The Economist (and Bill Clinton?) on shareholder value: "Mend it; don't end it."

See in The Economist by Schumpeter Taking the Long View on the "cult" of shareholder value. Scrap it for its follies and abuses? Or tweak and fix it? It's hard to imagine a more important conversation for publicly-traded companies. Excerpts:

Rather than junking shareholder value, companies should tweak it. Some are getting better at this.... L’Oréal and Air Liquide have offered shareholders bonuses for holding shares longer than a certain period of time. Google, LinkedIn, Zynga and other tech companies have adopted dual-class voting structures that allow the founders to resist the pressure to produce short-term results.
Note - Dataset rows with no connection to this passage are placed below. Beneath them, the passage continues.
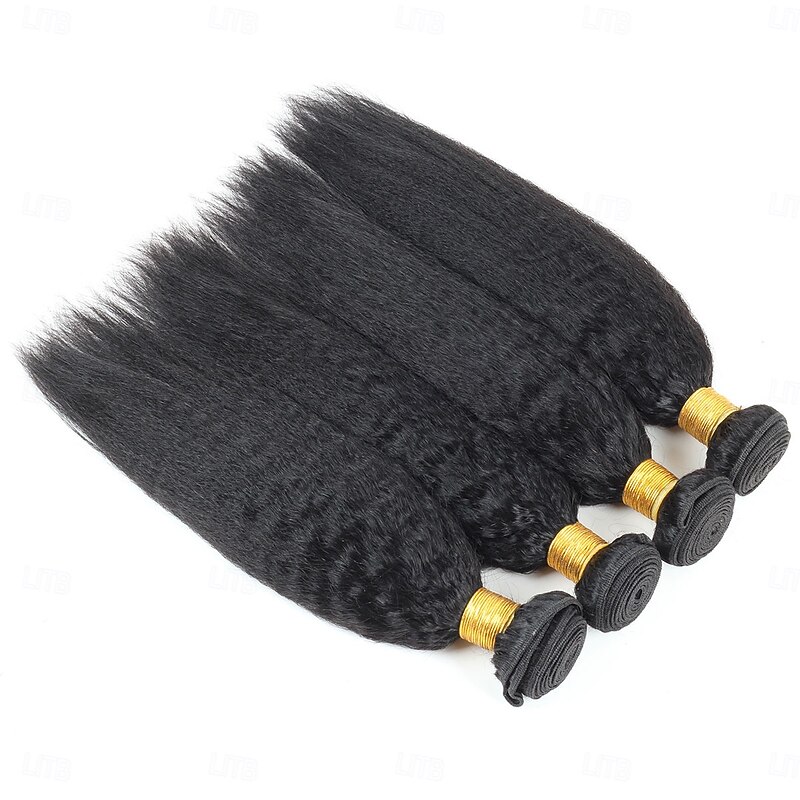 Yaki Straight Bundles Human Hair 10-30 Inch 4 Bundles Natural Black Brazilian Human Hair Extensions for Women4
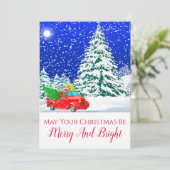  Red Truck in Sneeuwkerstfeest (Staand voorkant)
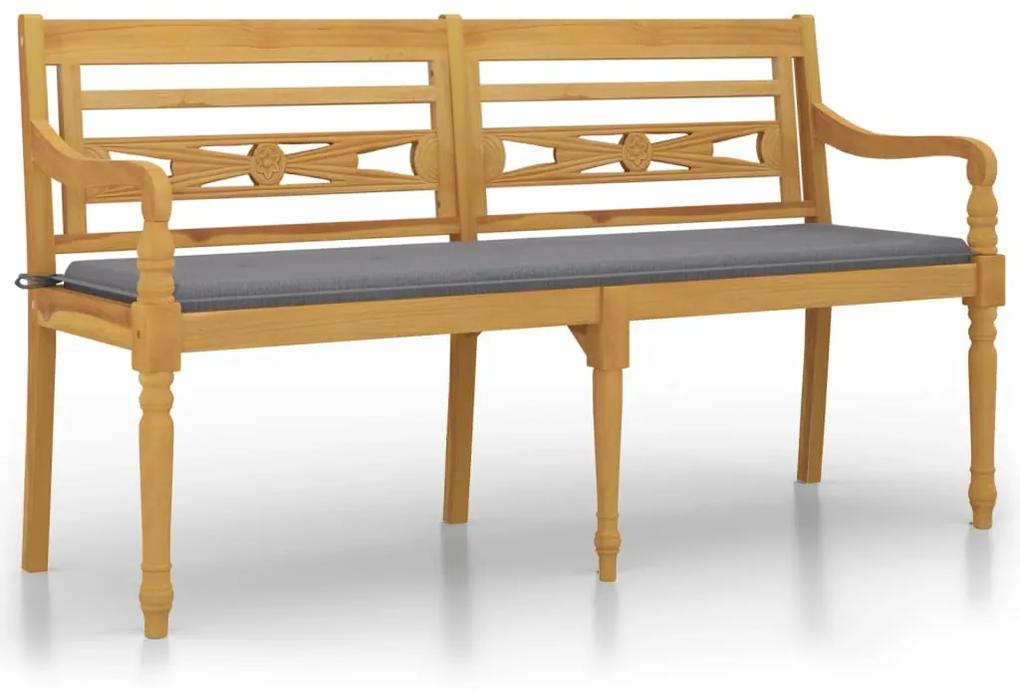 Panchina batavia con cuscino grigio 150 cm legno massello teak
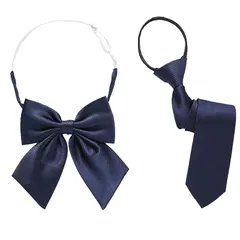 [SHUCLASS] スクールリボン ネクタイ【2点セット】 女子 制服リボン 学生服 紺色 中学生 高校生リボン ネイビー無地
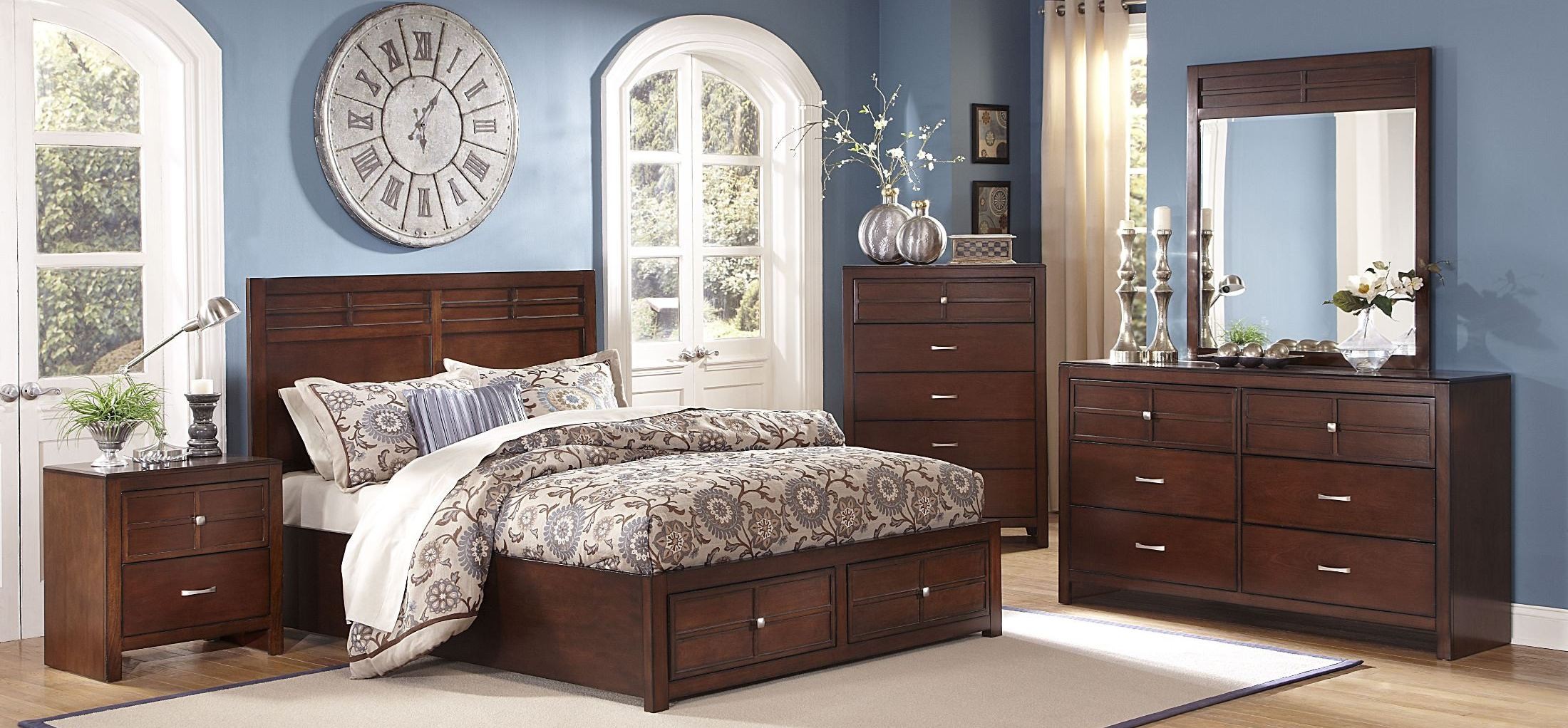 Kensington Burnished Cherry Platform Storage Bedroom Set from New Classics (00060310328330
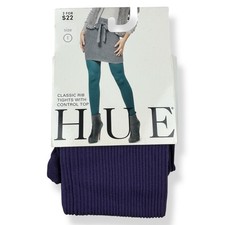 HUE Classic Rib Control Top Tights Womens Size 1 Aubergine Purple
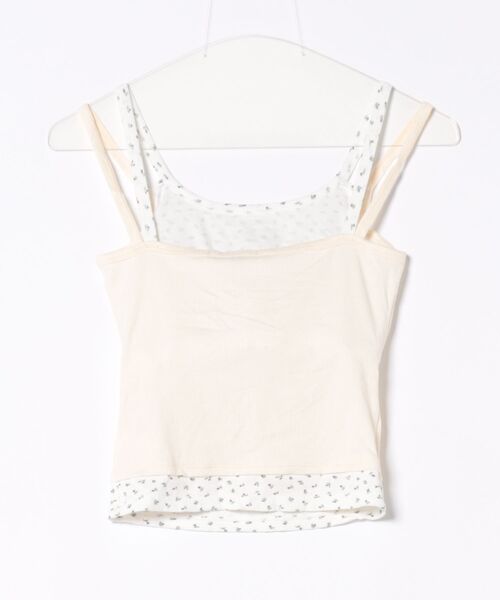 ammy.（エイミードット）の「【 ammy. / エイミードット 】  パッド付 フラワー レイヤード キャミソール（キャミソール・レディース・グレー/アイボリー/ホワイト・FREE）」の4枚目の写真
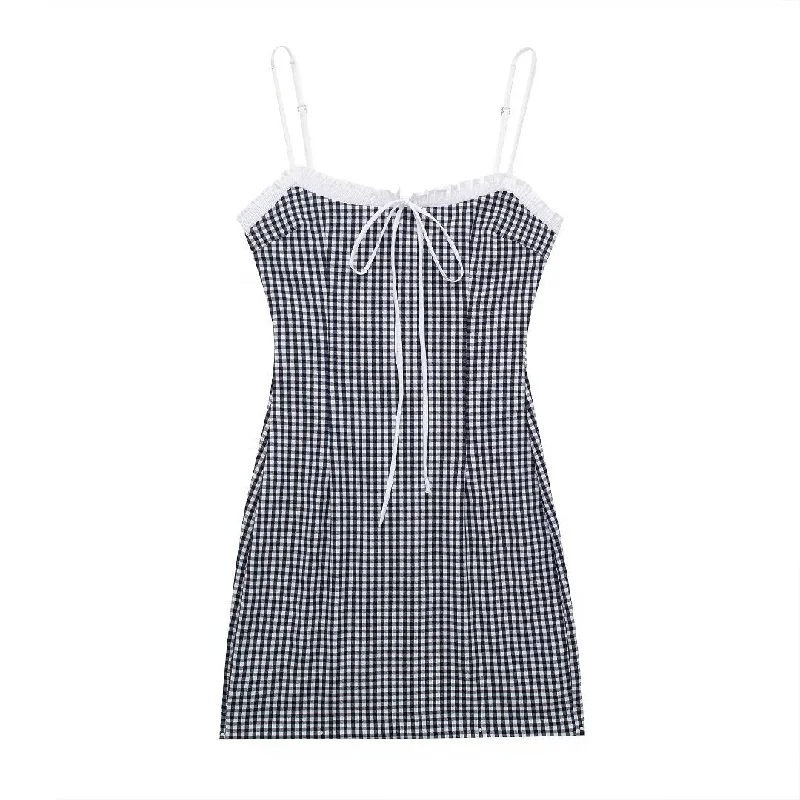 Spaghetti Strap Gingham Mini Dress Comfortable One-Shoulder Mini Dress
Several companies allow their chief executives to exercise their share options only after retirement, to encourage long-term thinking. Giving managers ordinary shares (rather than options) which they cannot sell for several years aligns their interests even more closely with those of ordinary shareholders. As Bill Clinton once said of affirmative action, the best way to deal with the shortcomings of shareholder value is to “Mend it; don’t end it.”

Posted by JD Hull at 02:25 PM | Comments (0)

November 28, 2012

Best Books on Lawyering: Jim Freund's "Lawyering: A Realistic Approach to Legal Practice" (1979).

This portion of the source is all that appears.